Yo, ingenuo al principio, creí que se podía conversar. ¡Qué error! Entré con buena fe, armado de datos, lógica y una taza de café. Pero pronto entendí que para un progre, los hechos son fascistas, las estadísticas son opresoras y la lógica es patriarcal. Nada tiene sentido, salvo su propio relato. Si lo contradices, eres “intolerante”; si callas, “cómplice del sistema”; y si preguntas demasiado, “parte del problema”. Todo encaja en su universo circular: el progre nunca se equivoca, solo los demás no entienden su nivel de conciencia.
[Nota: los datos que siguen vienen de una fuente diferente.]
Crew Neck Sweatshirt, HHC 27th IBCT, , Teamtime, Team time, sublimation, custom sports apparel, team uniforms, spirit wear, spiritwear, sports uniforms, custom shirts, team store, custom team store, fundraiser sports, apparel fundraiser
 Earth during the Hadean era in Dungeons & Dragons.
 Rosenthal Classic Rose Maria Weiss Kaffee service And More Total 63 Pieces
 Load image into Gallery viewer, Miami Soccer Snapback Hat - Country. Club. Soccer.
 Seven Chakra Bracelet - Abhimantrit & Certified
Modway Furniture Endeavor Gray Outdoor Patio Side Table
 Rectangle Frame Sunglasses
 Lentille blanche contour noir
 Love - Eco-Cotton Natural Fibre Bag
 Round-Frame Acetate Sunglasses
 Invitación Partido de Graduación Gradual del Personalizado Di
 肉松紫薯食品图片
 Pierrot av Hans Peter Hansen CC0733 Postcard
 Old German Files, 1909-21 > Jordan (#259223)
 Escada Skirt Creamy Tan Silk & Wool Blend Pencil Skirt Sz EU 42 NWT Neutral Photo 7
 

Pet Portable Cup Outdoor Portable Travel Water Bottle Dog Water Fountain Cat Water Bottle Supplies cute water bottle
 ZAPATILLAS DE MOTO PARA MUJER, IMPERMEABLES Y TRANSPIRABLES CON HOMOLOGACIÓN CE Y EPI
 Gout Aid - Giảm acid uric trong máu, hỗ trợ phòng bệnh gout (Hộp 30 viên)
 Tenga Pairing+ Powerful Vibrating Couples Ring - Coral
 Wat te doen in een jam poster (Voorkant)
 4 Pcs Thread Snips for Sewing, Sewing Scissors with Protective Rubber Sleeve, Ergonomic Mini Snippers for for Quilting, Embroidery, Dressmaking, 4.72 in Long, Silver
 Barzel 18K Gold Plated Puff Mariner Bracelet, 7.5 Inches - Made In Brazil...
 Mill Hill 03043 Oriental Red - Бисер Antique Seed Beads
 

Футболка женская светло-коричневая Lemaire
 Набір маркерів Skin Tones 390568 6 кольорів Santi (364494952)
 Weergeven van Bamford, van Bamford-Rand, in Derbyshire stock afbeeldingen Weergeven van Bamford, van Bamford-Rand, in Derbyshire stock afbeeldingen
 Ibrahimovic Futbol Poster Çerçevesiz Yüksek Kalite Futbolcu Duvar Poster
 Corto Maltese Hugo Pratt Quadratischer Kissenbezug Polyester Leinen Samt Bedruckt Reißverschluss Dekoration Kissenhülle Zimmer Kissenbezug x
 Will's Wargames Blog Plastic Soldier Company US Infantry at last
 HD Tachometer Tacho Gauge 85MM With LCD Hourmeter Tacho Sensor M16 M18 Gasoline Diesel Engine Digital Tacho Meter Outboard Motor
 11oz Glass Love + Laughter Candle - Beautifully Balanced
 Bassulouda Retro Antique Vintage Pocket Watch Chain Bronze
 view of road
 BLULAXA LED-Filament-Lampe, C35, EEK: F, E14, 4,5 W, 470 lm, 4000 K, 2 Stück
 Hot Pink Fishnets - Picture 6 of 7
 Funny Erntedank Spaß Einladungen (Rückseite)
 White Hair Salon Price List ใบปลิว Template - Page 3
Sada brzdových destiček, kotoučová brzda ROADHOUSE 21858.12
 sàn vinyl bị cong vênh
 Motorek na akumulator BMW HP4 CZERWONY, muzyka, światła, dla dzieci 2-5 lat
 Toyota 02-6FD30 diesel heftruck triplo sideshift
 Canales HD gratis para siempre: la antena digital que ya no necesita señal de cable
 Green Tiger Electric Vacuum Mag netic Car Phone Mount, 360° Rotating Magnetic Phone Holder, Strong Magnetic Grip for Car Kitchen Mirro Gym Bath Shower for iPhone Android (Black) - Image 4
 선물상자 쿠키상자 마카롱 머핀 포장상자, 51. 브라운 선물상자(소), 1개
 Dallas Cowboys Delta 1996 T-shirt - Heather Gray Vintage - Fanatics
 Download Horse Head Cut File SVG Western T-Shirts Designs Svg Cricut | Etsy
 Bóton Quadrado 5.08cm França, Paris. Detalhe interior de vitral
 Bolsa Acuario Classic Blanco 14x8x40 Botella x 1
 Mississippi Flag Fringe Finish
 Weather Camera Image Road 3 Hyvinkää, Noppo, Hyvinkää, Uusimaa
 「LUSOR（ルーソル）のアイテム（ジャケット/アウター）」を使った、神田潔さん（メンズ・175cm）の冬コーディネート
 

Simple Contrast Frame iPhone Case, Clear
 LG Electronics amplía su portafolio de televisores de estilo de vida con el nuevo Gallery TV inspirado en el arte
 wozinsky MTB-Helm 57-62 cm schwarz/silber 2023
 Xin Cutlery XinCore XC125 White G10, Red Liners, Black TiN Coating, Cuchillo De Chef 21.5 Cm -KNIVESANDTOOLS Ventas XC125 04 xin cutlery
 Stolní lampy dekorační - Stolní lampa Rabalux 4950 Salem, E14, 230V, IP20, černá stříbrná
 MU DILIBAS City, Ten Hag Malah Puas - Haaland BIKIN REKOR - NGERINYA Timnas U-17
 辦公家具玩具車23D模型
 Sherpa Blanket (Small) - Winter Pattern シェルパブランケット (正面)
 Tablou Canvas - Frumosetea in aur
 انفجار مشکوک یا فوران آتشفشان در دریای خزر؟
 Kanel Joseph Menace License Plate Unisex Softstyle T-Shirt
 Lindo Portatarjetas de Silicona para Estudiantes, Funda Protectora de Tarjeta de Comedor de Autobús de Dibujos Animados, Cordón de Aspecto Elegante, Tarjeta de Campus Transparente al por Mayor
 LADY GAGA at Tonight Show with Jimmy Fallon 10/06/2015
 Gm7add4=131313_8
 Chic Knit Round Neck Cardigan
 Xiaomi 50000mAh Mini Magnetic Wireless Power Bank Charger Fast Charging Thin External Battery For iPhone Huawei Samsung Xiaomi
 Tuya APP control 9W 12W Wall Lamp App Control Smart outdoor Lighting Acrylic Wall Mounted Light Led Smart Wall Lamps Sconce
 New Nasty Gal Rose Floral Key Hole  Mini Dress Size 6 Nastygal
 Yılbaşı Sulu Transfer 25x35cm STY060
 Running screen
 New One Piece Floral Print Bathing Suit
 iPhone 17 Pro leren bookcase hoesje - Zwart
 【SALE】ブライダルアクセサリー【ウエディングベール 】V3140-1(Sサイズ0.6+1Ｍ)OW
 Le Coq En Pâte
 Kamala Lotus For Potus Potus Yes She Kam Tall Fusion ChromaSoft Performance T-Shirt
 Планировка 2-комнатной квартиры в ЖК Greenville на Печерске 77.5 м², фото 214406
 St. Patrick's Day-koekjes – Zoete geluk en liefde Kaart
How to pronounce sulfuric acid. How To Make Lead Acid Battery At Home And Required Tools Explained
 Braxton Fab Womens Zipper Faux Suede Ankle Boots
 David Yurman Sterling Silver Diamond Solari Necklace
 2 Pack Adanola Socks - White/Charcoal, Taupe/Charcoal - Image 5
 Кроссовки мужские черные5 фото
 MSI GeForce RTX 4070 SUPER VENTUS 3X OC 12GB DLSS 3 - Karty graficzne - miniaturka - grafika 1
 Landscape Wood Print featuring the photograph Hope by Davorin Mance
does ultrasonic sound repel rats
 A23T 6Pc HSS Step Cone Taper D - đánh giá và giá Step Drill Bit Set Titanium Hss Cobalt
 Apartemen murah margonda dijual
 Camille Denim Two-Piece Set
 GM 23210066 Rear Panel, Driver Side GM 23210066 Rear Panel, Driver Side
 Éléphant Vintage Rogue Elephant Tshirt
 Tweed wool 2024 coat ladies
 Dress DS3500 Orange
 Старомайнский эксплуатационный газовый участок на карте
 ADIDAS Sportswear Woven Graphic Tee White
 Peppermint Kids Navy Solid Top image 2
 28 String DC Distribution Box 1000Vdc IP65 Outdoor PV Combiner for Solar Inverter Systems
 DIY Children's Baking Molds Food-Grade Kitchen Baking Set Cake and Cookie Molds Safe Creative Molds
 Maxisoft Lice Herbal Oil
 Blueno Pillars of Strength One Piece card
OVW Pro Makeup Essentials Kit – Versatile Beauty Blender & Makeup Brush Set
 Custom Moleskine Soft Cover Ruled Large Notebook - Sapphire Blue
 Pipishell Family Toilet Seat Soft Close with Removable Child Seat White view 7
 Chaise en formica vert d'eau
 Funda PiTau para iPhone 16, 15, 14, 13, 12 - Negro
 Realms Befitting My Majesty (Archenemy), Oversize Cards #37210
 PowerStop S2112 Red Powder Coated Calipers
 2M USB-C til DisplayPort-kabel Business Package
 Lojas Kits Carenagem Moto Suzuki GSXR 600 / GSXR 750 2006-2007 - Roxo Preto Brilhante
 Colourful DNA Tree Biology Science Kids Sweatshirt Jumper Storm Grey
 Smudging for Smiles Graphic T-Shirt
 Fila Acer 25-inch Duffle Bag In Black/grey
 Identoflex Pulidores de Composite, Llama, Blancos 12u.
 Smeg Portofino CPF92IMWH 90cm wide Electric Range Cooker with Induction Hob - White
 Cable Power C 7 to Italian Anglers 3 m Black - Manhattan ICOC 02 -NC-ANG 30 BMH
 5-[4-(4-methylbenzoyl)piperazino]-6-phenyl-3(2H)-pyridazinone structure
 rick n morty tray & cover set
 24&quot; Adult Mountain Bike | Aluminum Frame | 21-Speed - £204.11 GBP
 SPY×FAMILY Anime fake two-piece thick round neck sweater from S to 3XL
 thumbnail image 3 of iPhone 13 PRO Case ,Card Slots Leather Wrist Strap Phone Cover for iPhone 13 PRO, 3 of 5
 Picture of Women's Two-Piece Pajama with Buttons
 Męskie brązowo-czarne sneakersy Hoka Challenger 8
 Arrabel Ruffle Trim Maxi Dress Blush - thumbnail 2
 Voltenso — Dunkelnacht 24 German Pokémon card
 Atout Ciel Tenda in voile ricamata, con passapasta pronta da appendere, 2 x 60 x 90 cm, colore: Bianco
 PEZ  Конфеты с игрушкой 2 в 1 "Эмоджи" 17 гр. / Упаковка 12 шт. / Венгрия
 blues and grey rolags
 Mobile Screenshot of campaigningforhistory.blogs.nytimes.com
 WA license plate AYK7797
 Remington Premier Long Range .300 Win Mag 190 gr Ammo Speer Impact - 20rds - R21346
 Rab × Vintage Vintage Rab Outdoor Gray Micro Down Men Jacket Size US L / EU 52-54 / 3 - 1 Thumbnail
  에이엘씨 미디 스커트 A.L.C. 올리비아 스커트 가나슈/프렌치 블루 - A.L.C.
A veces me río. Porque hay algo de tierno en esa fe ciega, casi religiosa, con la que repiten sus mantras. “Despierta, deconstruyete”, te dicen, mientras siguen dormidos en la almohada de su superioridad moral. Es curioso, dicen luchar por la inclusión, pero excluyen a todo el que no piense igual; claman por diversidad, pero solo aceptan una forma de pensar; aman la libertad de expresión, siempre y cuando expreses exactamente lo mismo que ellos.
El progre típico tiene un superpoder transforma cualquier conversación en culpa. Si hablas de responsabilidad personal, te acusa de no entender las estructuras opresoras; si celebras el mérito, te tilda de neoliberal; si haces un chiste, de machista; y si simplemente vives tranquilo, de indiferente ante las injusticias del mundo. Todo es un campo de batalla moral donde él, por supuesto, siempre es el héroe.
Por eso aprendí que discutir con un progre es como jugar ajedrez con una paloma, derriba las piezas, se orina en el tablero y luego se pavonea como si hubiera ganado. No vale la pena. No hay diálogo posible con quien no busca entender, sino adoctrinar; con quien no quiere construir, sino señalar culpables. Así que, por salud mental, aprendí el arte de la sonrisa diplomática, asentir, decir “tienes razón” y seguir con mi vida mientras ellos siguen salvando el mundo desde un hilo de Twitter.
Porque, al final, el verdadero rebelde no es quien grita consignas vacías ni quien repite discursos reciclados: es quien piensa por sí mismo. Y eso, paradójicamente, es lo más antiprogresista que existe hoy.